WHAT YOU HAVE TO DO - Would you write out the listing verbatim and skip every picture in it?

RECORDED DATA -
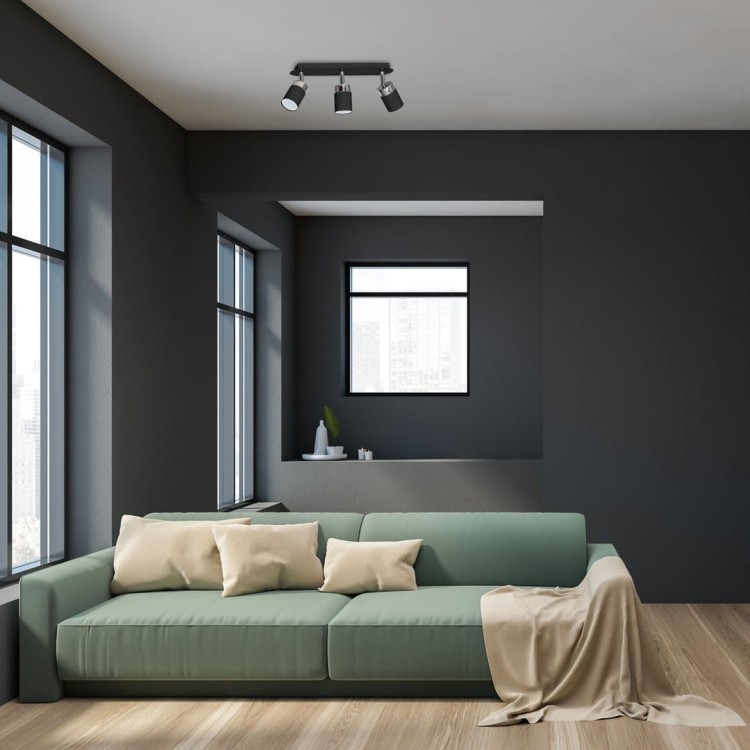 Lampa sufitowa listwa natynkowa JOKER BLACK/CHROME 3xGU10 MLP912 Milagro 3x GU10 34cm Spot oprawa oświetleniowa nowoczesna ścienna Industrialna Loft nawierzchniowa metal czarny czarna chrom Inspiracje Premium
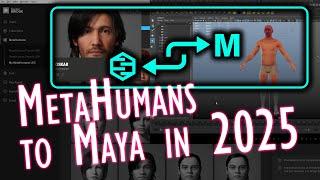 How to Download and Export MetaHumans for Editing in Maya in 2025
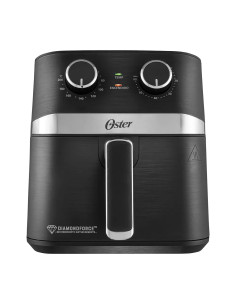 copia de Freidora de Aire Oster® Manual, 3.8L de Capacidad, con Controles de Tiempo y Temperatura, Negra, CKSTAF38MNS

TASK ANSWER -
 Lampa sufitowa listwa natynkowa JOKER BLACK/CHROME 3xGU10 MLP912 Milagro 3x GU10 34cm Spot oprawa oświetleniowa nowoczesna ścienna Industrialna Loft nawierzchniowa metal czarny czarna chrom Inspiracje Premium
 How to Download and Export MetaHumans for Editing in Maya in 2025
 copia de Freidora de Aire Oster® Manual, 3.8L de Capacidad, con Controles de Tiempo y Temperatura, Negra, CKSTAF38MNS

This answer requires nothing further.